L'installation en agriculture biologique mobilise plusieurs structures d'accompagnement :

  • Les Chambres d'agriculture départementales, qui proposent des diagnostics technico-économiques, des ateliers de sensibilisation au bio et un suivi à l'installation ;
  • La SAFER (Société d'aménagement foncier et d'établissement rural), qui peut exercer un droit de préemption pour attribuer des terres à des candidats à l'installation en agriculture biologique ;
  • Les coopératives agricoles spécialisées en bio (Biocoop Production, Agribio Union, Terres du Sud Bio, etc.) qui assurent des débouchés contractualisés ;
  • La FNAB (Fédération nationale de l'agriculture biologique) et ses groupements régionaux, qui offrent un accompagnement de pair à pair, une veille réglementaire et une représentation politique.

La dotation jeune agriculteur (DJA), accessible sous conditions d'âge (moins de 40 ans) et de détention d'une capacité professionnelle agricole reconnue, est majorée pour les projets en agriculture biologique dans la plupart des régions françaises. Le foncier constitue un facteur limitant : selon les données Safer 2023, le prix moyen des terres agricoles biologiques est supérieur de 10 à 25 % à celui des terres conventionnelles selon la région et le type de sol.

Un Conseiller agricole spécialisé en agriculture biologique est fréquemment sollicité pour les stratégies de rotation, la gestion sanitaire et la constitution des dossiers d'aides PAC. Des techniciens agricoles issus des groupements bio régionaux assurent également un suivi de terrain régulier.

Données économiques

En 2023, la surface agricole utile (SAU) conduite en agriculture biologique représentait 10,6 % de la SAU totale en France, soit environ 2,9 millions d'hectares. La filière biologique française affichait un chiffre d'affaires de 13,5 milliards d'euros, en recul de 3,4 % par rapport à 2022 sous l'effet de la contraction du pouvoir d'achat des ménages.

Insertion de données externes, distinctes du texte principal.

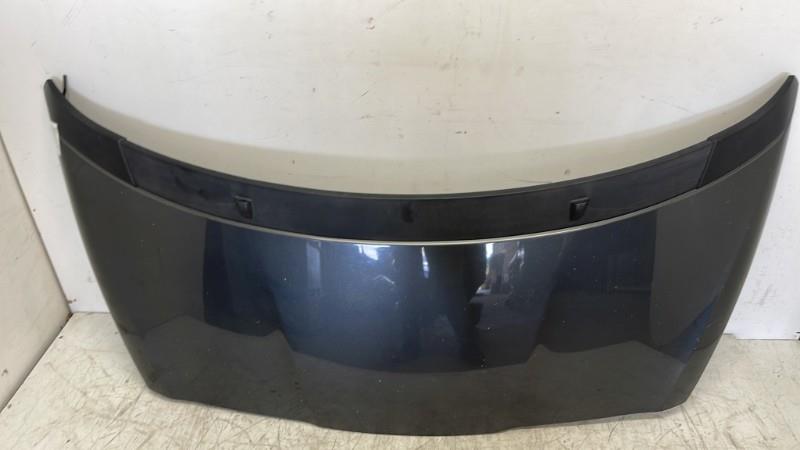 Capot PEUGEOT 5008 1 PHASE 1 Diesel - 1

Le revenu moyen d'un agriculteur biologique varie fortement selon la filière et le mode de commercialisation :

Filière Revenu agricole par UTA (fourchette indicative)
Grandes cultures biologiques (céréales, oléoprotéagineux) 15 000 – 30 000 €
Maraîchage biologique en circuits courts 20 000 – 40 000 €
Viticulture biologique avec vente directe 25 000 – 60 000 €
Élevage bovin allaitant biologique 18 000 – 32 000 €

Les aides de la PAC comprennent, depuis la réforme de 2023, un éco-régime bio (niveau 3 de l'éco-régime) représentant environ 110 euros/ha/an pour les surfaces en agriculture biologique certifiée, et des mesures agro-environnementales et climatiques (MAEC) bio gérées par les régions.

Compétences requises

L'exercice du métier d'agriculteur biologique mobilise des compétences techniques, administratives et commerciales croisées :

  • Maîtrise des équilibres pédologiques (texture, pH, teneur en matière organique, activité biologique) ;
  • Connaissance des espèces cultivées et de leur génétique, incluant les variétés populations, les semences paysannes et les semences biologiques reproduites à la ferme ;
  • Capacité à tenir le registre des pratiques culturales (dates de semis, intrants utilisés, observations sanitaires) requis par les organismes certificateurs ;
  • Compétences comptables et fiscales (régime du bénéfice agricole réel simplifié ou normal, déclarations PAC via TéléPAC) ;
  • Aptitudes relationnelles pour la gestion de salariés saisonniers, le management d'équipe et la relation directe avec les clients en vente à la ferme ou sur les marchés.

L'Agriculture de précision est de plus en plus mobilisée en agriculture biologique, notamment via les outils d'imagerie satellitaire (NDVI) pour le suivi des couverts végétaux et les capteurs de sol connectés pour piloter l'irrigation.